Stanley Crouch-MacArthur “Genius” Award recipient, co-founder of Jazz at Lincoln Center, National Book Award nominee, and perennial bull in the china shop of black intelligentsia-has been writing about jazz and jazz artists for more than thirty years. His reputation for controversy is exceeded only by a universal respect for his intellect and passion. As Gary Giddons notes: “Stanley may be the only jazz writer out there with the kind of rhinoceros hide necessary to provoke and outrage and then withstand the fulminations that come back.” In Considering Genius, Crouch collects some of his best loved, most influential, and most controversial pieces (published in Jazz Times, The New Yorker, the Village Voice, and elsewhere), together with two new essays. The pieces range from the introspective “Jazz Criticism and Its Effect on the Art Form” to a rollicking debate with Amiri Baraka, to vivid, intimate portraits of the legendary performers Crouch has known.

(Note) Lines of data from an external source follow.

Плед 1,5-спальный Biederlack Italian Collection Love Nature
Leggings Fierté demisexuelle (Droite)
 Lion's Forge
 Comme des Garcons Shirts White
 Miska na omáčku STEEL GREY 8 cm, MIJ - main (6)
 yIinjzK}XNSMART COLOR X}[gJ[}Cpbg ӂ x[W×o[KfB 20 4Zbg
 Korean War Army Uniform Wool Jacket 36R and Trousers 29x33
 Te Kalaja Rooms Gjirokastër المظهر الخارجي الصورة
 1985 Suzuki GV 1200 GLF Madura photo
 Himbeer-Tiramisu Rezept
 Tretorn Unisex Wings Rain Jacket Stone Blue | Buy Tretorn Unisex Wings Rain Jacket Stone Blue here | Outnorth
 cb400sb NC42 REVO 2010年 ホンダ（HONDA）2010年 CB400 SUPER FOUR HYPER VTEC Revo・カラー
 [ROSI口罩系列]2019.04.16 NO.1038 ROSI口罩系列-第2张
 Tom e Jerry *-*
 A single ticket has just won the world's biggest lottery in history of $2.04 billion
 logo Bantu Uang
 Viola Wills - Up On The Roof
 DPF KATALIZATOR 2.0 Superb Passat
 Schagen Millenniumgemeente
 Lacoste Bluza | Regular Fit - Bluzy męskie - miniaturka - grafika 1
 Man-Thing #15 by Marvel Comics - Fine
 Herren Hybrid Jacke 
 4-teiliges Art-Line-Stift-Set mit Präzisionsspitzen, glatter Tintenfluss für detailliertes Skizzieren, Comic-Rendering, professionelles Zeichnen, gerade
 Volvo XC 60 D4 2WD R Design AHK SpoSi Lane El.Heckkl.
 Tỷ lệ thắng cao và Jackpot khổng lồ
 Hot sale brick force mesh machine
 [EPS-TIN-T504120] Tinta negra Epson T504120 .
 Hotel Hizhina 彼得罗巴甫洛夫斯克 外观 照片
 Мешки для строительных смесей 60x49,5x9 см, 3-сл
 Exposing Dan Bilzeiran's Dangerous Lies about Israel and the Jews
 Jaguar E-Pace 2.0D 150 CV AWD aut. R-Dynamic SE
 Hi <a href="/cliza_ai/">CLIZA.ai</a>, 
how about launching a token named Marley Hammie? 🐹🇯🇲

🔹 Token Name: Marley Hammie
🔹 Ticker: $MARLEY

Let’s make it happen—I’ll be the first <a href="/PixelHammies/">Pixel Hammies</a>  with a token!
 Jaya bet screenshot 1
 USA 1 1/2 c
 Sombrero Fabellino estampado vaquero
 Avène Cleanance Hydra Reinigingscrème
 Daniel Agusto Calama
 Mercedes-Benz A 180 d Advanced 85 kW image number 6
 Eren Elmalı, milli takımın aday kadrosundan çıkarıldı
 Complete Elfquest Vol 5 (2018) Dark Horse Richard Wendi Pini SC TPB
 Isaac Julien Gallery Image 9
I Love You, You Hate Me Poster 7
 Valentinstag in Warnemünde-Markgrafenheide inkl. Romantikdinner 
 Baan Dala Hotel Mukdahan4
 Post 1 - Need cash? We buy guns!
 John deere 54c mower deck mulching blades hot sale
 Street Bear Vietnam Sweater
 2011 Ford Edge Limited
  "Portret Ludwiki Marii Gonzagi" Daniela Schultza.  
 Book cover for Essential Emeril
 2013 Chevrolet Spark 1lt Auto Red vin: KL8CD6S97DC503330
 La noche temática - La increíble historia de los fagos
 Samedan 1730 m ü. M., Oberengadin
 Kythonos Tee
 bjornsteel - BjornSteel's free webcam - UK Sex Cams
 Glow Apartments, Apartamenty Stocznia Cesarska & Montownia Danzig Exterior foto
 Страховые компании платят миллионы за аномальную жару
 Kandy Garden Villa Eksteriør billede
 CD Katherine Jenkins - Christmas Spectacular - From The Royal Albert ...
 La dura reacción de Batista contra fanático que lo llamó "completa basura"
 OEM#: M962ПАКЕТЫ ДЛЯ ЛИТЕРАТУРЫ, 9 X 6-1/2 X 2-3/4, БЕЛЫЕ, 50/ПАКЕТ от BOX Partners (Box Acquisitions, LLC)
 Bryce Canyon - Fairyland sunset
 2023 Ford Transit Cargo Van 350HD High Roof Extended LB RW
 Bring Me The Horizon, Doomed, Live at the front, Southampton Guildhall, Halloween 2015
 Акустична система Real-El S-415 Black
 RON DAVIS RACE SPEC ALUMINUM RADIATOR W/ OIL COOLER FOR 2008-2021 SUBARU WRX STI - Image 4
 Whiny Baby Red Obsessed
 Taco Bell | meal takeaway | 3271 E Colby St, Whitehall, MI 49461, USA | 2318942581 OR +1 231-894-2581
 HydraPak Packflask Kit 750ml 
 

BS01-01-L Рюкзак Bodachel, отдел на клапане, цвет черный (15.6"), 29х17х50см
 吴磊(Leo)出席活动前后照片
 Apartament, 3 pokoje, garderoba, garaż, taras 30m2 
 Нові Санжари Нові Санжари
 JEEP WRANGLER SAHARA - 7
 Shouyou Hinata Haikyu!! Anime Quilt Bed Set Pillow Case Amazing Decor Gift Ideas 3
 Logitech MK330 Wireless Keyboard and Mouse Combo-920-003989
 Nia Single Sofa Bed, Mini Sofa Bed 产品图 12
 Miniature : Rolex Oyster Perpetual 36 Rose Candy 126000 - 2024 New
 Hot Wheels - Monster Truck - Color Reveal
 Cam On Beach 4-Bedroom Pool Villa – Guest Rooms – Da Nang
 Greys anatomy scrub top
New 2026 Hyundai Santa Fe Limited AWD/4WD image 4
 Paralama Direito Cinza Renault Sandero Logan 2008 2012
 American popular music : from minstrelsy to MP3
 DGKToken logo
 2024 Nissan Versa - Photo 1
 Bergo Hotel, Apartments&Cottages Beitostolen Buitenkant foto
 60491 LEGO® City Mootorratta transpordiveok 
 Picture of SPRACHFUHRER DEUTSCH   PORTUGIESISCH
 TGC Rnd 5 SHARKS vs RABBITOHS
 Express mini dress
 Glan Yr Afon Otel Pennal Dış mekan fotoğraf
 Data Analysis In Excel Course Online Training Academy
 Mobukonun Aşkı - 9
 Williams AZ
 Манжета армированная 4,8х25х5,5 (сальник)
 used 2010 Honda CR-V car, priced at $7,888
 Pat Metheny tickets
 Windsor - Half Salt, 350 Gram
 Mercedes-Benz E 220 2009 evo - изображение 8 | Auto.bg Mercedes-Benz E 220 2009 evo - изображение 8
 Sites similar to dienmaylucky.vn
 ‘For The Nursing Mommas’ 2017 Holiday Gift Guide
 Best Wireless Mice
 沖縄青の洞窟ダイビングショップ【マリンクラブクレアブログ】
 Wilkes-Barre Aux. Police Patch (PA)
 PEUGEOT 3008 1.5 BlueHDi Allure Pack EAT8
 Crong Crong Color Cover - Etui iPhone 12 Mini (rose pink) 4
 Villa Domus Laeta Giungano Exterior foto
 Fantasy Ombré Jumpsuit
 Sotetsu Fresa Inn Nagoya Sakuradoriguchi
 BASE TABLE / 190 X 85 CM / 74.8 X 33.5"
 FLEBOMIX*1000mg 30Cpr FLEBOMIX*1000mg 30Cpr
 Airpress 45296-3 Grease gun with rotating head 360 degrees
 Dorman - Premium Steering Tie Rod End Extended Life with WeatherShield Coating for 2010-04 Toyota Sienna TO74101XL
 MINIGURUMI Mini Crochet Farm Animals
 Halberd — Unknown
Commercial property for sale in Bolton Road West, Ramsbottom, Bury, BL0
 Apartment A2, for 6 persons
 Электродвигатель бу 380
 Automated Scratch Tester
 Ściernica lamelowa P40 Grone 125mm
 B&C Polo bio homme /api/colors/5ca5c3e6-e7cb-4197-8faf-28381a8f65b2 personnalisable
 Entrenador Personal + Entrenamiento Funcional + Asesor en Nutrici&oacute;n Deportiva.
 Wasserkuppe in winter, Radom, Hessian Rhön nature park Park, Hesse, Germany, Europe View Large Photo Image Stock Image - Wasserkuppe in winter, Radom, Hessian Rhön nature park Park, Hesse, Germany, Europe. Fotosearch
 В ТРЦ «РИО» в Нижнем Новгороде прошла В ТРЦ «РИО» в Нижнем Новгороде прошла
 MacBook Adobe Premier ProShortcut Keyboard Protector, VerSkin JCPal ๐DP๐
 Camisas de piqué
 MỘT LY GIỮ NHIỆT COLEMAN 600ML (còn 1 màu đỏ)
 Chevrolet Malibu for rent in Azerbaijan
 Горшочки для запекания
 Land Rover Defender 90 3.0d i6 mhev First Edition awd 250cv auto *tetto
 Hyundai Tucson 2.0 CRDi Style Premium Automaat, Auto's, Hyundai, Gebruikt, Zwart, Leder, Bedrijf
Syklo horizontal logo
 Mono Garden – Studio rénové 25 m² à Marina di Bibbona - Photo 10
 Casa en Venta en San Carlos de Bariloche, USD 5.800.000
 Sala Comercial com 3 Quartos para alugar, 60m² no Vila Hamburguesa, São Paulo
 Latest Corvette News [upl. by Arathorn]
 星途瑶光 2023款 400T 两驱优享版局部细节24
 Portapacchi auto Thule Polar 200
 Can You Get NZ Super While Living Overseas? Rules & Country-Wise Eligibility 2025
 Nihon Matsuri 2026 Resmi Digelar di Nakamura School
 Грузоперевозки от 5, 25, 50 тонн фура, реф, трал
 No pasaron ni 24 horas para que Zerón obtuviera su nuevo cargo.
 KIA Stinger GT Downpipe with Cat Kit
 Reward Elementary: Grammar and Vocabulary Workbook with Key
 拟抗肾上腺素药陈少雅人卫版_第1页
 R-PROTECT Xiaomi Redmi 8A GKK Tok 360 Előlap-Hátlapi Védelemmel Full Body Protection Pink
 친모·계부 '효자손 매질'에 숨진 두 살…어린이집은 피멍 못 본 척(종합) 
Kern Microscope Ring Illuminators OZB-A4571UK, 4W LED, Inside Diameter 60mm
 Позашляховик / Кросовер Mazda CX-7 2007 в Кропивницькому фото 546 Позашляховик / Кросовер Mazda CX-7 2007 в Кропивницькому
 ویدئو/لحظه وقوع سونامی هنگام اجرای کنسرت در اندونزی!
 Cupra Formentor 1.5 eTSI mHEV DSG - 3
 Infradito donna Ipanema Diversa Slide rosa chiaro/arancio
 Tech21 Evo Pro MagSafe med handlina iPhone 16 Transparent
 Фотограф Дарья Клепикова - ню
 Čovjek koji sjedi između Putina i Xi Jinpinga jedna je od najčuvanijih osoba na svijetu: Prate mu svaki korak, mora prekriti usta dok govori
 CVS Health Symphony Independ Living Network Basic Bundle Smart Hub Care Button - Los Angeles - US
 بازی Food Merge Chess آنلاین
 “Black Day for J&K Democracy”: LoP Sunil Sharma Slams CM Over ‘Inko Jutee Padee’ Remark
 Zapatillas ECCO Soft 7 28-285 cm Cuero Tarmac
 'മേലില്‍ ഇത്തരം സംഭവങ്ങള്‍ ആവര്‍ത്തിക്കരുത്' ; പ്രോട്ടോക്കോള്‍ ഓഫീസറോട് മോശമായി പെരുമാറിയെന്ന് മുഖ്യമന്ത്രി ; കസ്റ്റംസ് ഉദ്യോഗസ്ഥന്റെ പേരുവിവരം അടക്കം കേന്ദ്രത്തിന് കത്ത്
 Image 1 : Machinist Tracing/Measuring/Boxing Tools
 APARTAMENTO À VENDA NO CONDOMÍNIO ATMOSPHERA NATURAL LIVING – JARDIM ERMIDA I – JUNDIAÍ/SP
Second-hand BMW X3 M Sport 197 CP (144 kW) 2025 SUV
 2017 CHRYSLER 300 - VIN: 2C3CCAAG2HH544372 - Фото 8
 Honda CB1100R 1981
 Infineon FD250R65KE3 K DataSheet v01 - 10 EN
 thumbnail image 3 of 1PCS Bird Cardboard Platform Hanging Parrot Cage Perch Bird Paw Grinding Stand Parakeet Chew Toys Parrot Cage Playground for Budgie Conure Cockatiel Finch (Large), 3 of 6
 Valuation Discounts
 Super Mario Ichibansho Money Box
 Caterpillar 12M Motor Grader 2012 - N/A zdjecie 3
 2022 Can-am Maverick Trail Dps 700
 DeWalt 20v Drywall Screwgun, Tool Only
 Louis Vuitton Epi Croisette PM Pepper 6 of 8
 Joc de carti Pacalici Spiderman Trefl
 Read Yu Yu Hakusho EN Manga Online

Stanley Lawrence Crouch was an American poet, music journalist & jazz critic, biographer, novelist, educator and cultural commentator. He was also both a civil rights activist and a musician as a young man.
Born and raised in Los Angeles, California, Stanley Crouch attended Thomas Jefferson High School, graduating in 1963. He continued his education at area junior colleges and became active in the civil rights movement, working with the Student Non-violent Coordinating Committee (SNCC). He gained a reputation as a talented young poet, and in 1968 became poet-in-residence at Pitzer College (Claremont, California); he then taught theatre and literature at Pomona College (Claremont, California). In 1969, a recording of him reading several of his poems was released as an LP by Flying Dutchman Records. This was followed by his first book, a collection of his poems published in 1972 by the Richard W. Baron Publishing Co.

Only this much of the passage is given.